Goal of the exercise: In the entries below, the lines from the one with "Figleaves Stretch Satin" through the one with "Pocket Hole Jig" are to be copied exactly; both ends count.

The input:
──────
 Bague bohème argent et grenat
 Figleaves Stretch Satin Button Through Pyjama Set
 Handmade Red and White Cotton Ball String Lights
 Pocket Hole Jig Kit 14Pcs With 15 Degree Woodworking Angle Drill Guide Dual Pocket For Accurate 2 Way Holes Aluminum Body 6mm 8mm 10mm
──────
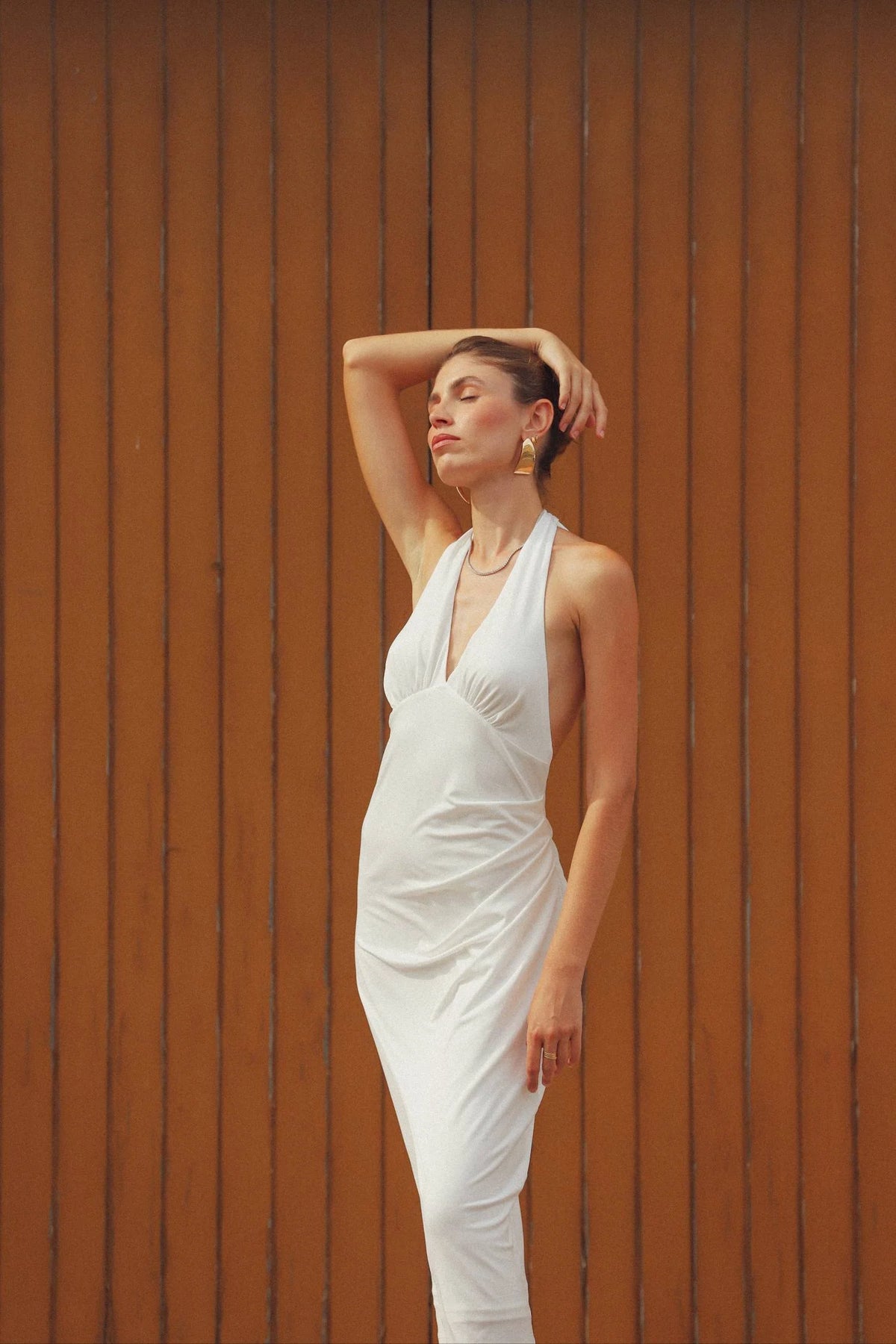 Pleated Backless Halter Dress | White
──────
Task solution:
 Figleaves Stretch Satin Button Through Pyjama Set
 Handmade Red and White Cotton Ball String Lights
 Pocket Hole Jig Kit 14Pcs With 15 Degree Woodworking Angle Drill Guide Dual Pocket For Accurate 2 Way Holes Aluminum Body 6mm 8mm 10mm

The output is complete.